The mine and mill, meanwhile, continued to operate, and in accordance with its new policy, submitted its annual report for publication in the Rhyolite newspapers. Although the report showed that the mine and mill were both well-equipped and operating efficiently, the company itself was not in the best of financial shape. Its account books, for the period ending on November 1, 1908, showed that the Homestake-King had expended $297,951.86 to date. Of this amount, $160,977.50 had been the cost of constructing the mill and pipeline, $86,032.90 had been expended in developing the mine and in the purchase of machinery and tools for it, and $38,936.41 had been spent in operating costs for the mine and mill since the mill had opened on July 1st. Since bullion sales from the mill had totaled only $20,116.65 between July and November 1st, it was clear that the mill was operating at a loss. As the papers pointed out, however, it was normal for a large mill to take a loss during the shakedown period, and bullion sales since November had improved, so there was little cause for worry.

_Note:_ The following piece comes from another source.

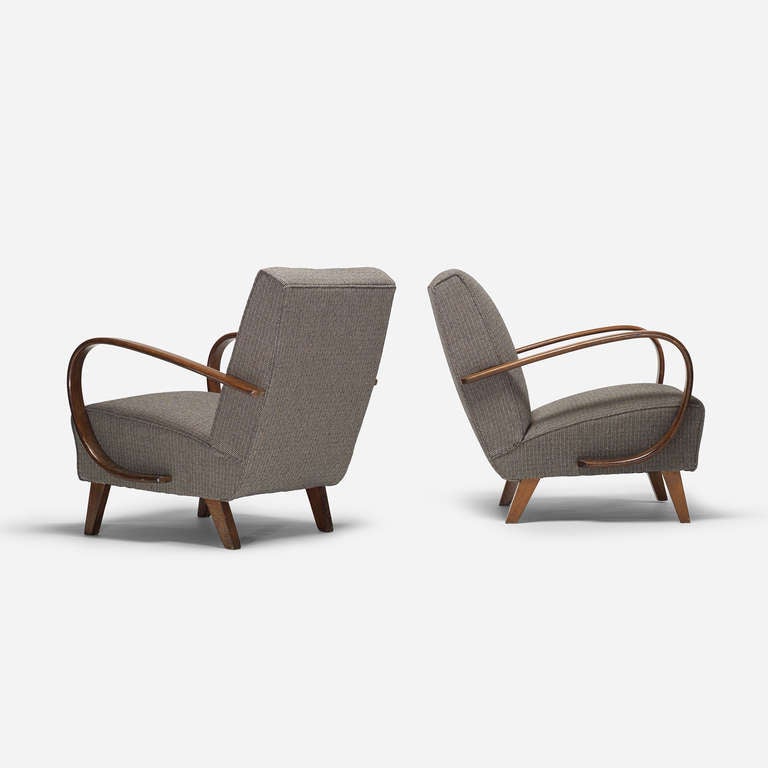 lounge chairs, pair by Jindrich Halabala for UP Závody Brno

The treasury stock, however, had been heavily depleted. Most of it had been pledged as security for loans to cover construction costs, which had been advanced by major stockholders in the company. As a result, the company was left with an excellent mill and a good mine, but with very little money to operate them until bullion returns improved. Accordingly, the shareholders had authorized a $200,000 bond issue at the company's general meeting during the first of December. The bonds were given to the company's creditors, most of whom were stockholders, and in return the liens were lifted from the company's treasury stock. Thus the Homestake-King hoped to be able to finance short-term operating costs from the sale of treasury stock, and to retire the new bonds from- the proceeds of bullion returns. The bonds carried a 10 percent interest rate, and were due for repayment on December 8, 1909. The interest was payable semi-annually, with the first installment due June 9, 1909. $174,227.62 worth of bonds were immediately issued, which cleared the company from all other forms of debt. Unfortunately, between the time the plan was decided upon and the end of the year, the continued fall of stock prices meant that the Homestake-King would not be able to finance as much from the sale of treasury stock as it had originally hoped.

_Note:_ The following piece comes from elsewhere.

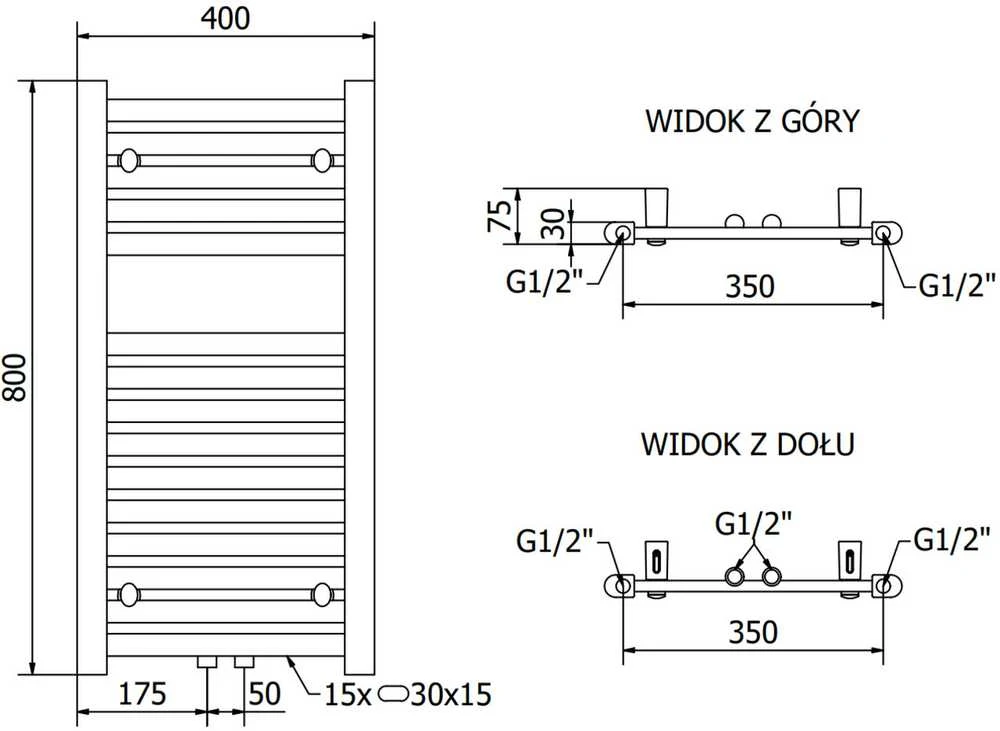 Mexen Hades vonios radiatorius, 800 x 400 mm, 320 W, baltas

Despite this somewhat gloomy picture of the company's finances which was revealed, the Rhyolite Herald and other papers praised the company for its open and honest policy. It was a good move, said the Herald which would "re-establish confidence" in the district, if followed by other companies. Investors, however, were not so certain, and Homestake-King stock continued to decline, ending January of 1909 at 8¢ per share.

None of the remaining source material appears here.